▶ Input:
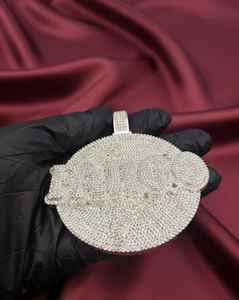 Colgante de disco redondo con letras personalizadas de moissanita, estilo hip hop, para fiestas, de plata de ley 925, joyería fina, colgantes y dijes. - Product Image 2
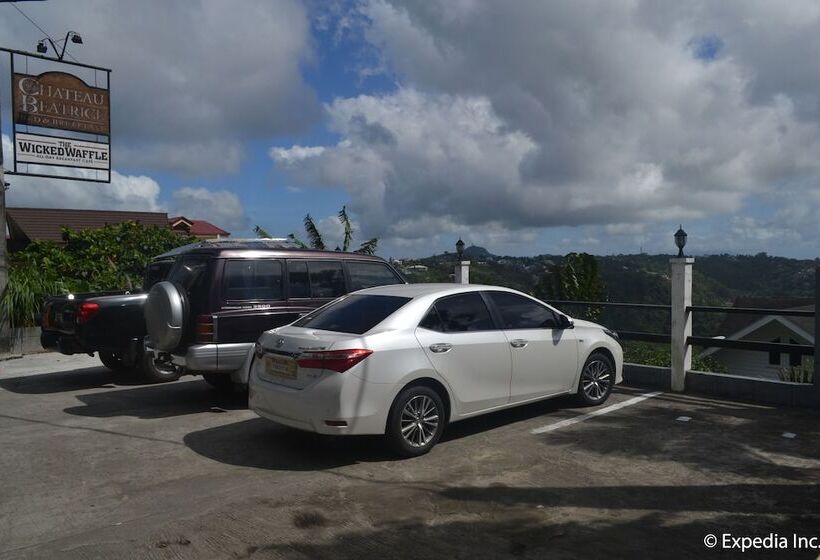 Chateau Beatrice Bed & Breakfast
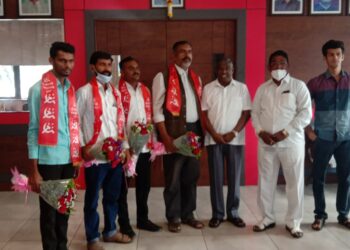 बुलढाण्यातील संभाजी ब्रिगेडच्या जिल्ह्याध्यक्षांसह, विभागीय अध्यक्ष शेकापक्षात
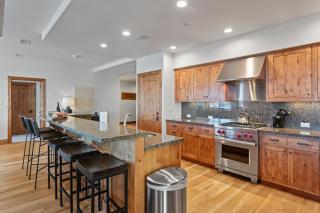 305 - Three Bedroom Shooting Star condo - 6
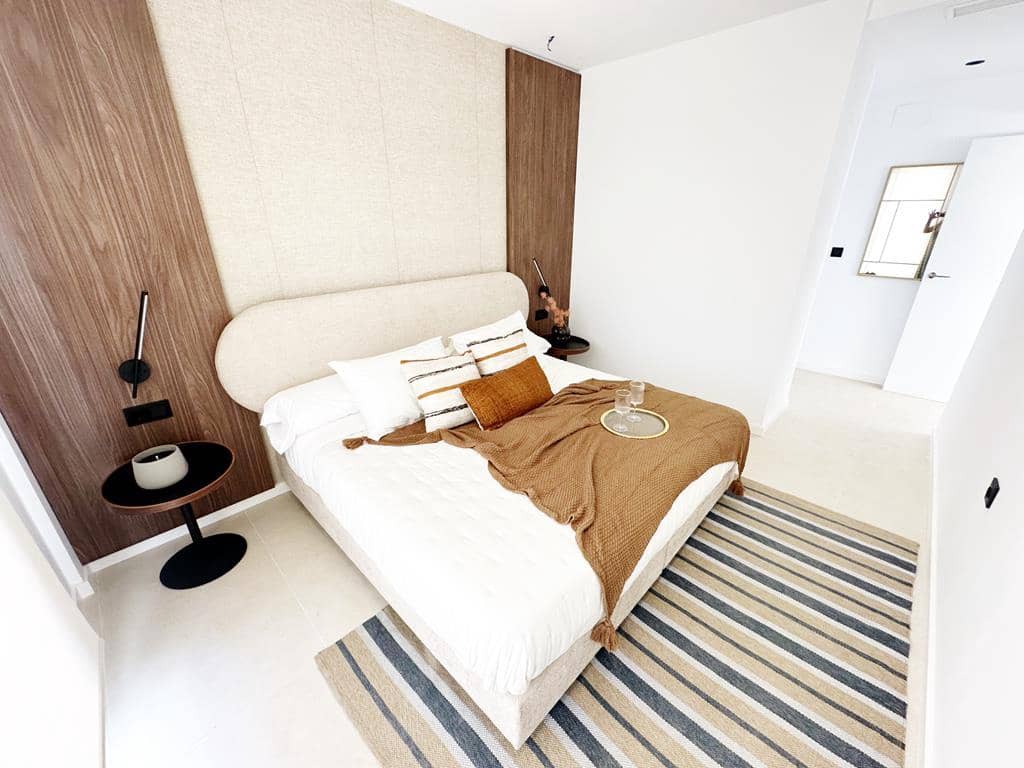 4 bedroom Villa for sale in Los Alcazares - € 684,950 (Ref: 8429537)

▶ Your task:
Retype all of the listing above exactly, but keep its pictures out.

▶ Answer to this problem:
 Colgante de disco redondo con letras personalizadas de moissanita, estilo hip hop, para fiestas, de plata de ley 925, joyería fina, colgantes y dijes. - Product Image 2
 Chateau Beatrice Bed & Breakfast
 बुलढाण्यातील संभाजी ब्रिगेडच्या जिल्ह्याध्यक्षांसह, विभागीय अध्यक्ष शेकापक्षात
 305 - Three Bedroom Shooting Star condo - 6
 4 bedroom Villa for sale in Los Alcazares - € 684,950 (Ref: 8429537)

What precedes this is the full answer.